Dr Marius Grima, Consultant Paediatric Radiologist and Clinical Information Officer for UHNM, said: “We hope to be able to expand this new way of working for the whole of the imaging department, including CT, MRI and ultrasound appointments. This will enable our scheduling teams to use their time more effectively, helping patients with complex needs.
“This really has been a massive team effort made up of clinicians, front-line staff, our IT team and our external partners. It is an example of what can be achieved when the agenda is patient-focused and when there is real skills-mix engagement. We hope to see a reduction in missed appointments by giving patients the choice to schedule their visit to our hospital at a time that is convenient for them at the onset of the booking process. More than 1,500 patients have booked an appointment using this process in the first few days of its launch.”
Limbic launches AI-based therapy assistant
Health tech company Limbic has launched three new products to support clinicians with increased mental healthcare demands.
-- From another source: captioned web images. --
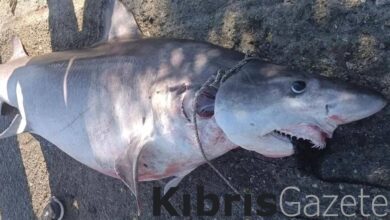 Fazilet Özdenefe: Köpek balığının öldürülmüş olması nedeniyle gurur duyulacak bir durum yok 5 fazilet ozdenefe kopek baliginin oldurulmus olmasi nedeniyle gurur duyulacak bir durum yok 5sZ9fLuG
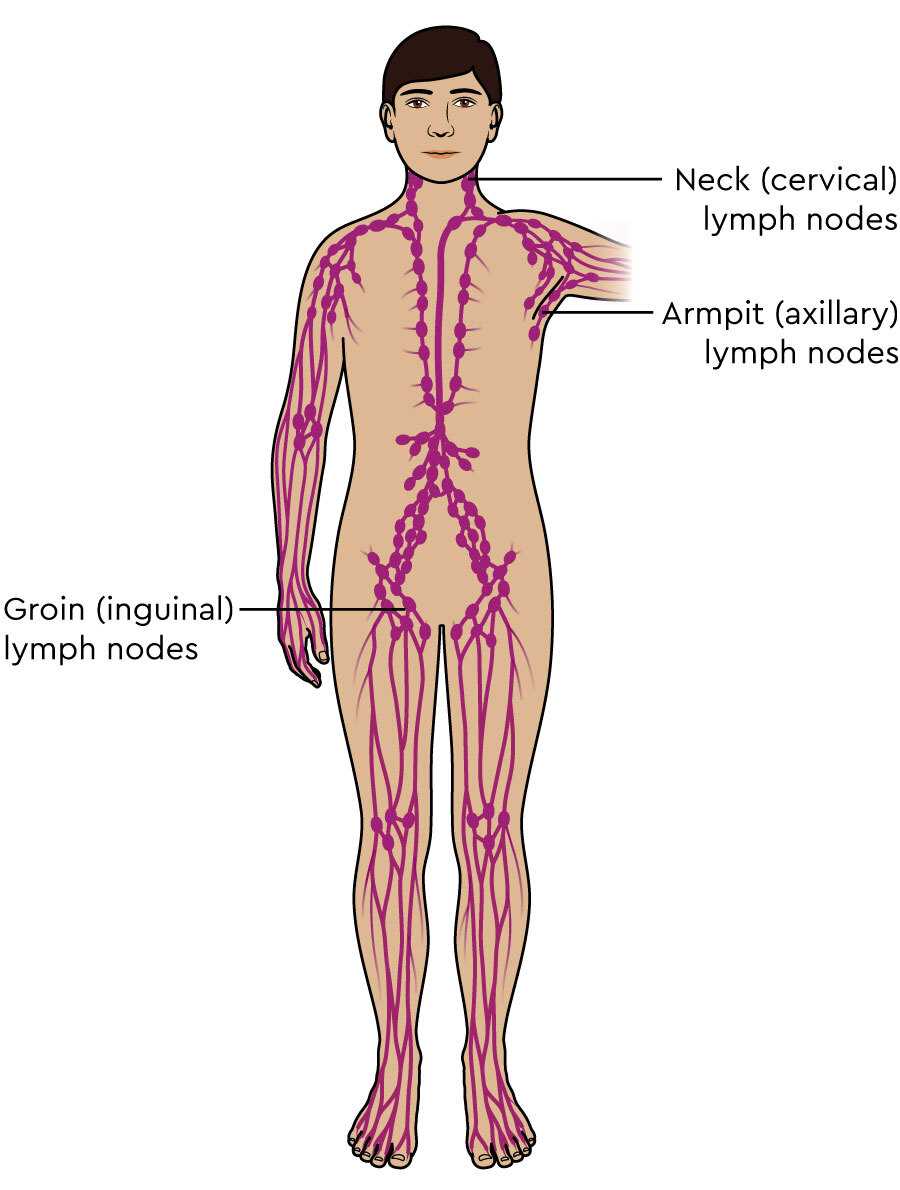 parts of the lymphatic system diagram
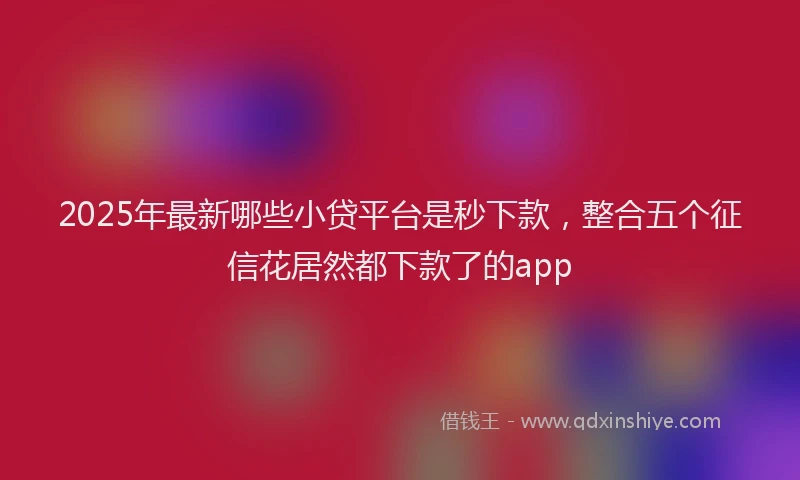 2025年最新哪些小贷平台是秒下款，整合五个征信花居然都下款了的app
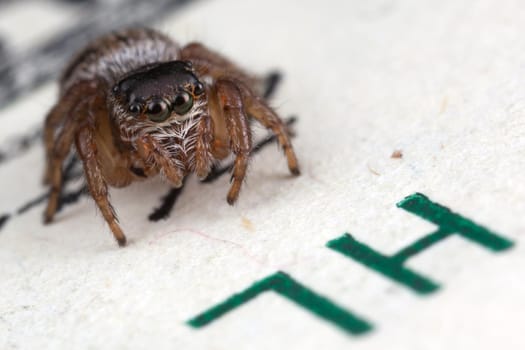 Jumping spider on hundred dollars banknote, Photo in close up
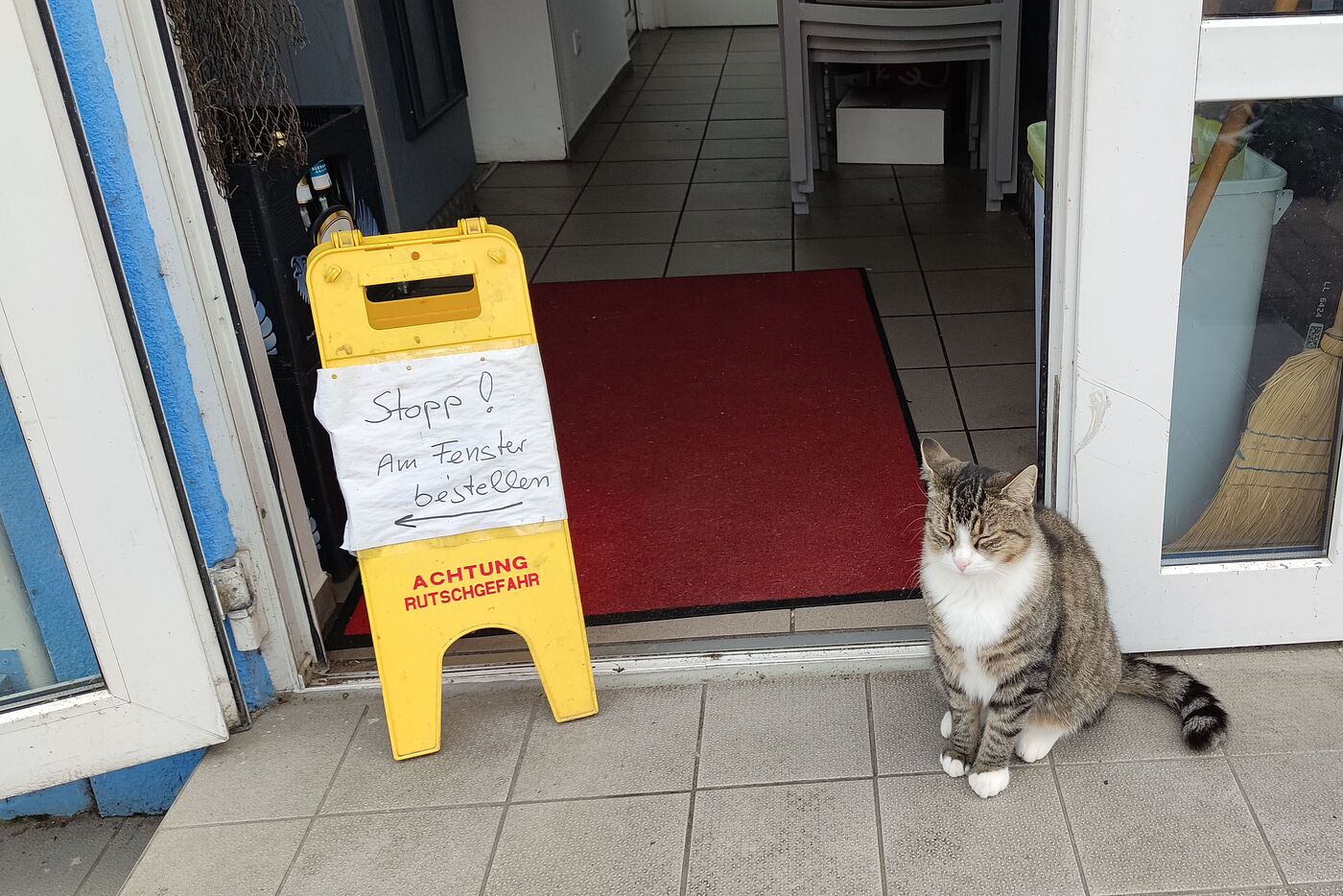 In Stahlbrode: Die Katze kann deutsch!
The new products – Limbic Self-Care, Limbic Care and Limbic Prevent – have been introduced to ‘help bridge the gap’ between the increase in patients and the number of available clinicians.
Limbic’s latest suite of products use conversational AI to provide end-to-end support to clinicians and patients at different points in their treatment pathway, from waitlist through to discharge.
The Limbic platform is currently being deployed in four NHS Improving Access to Psychological Therapies (IAPT) services through its partnership with Vita Health Group, with plans to add additional services.
Dr Ross Harper, Co-founder and CEO of Limbic, commented: “Together, this new platform will empower clinicians to make data-driven decisions, while extending their teachings to the patient in-between sessions.”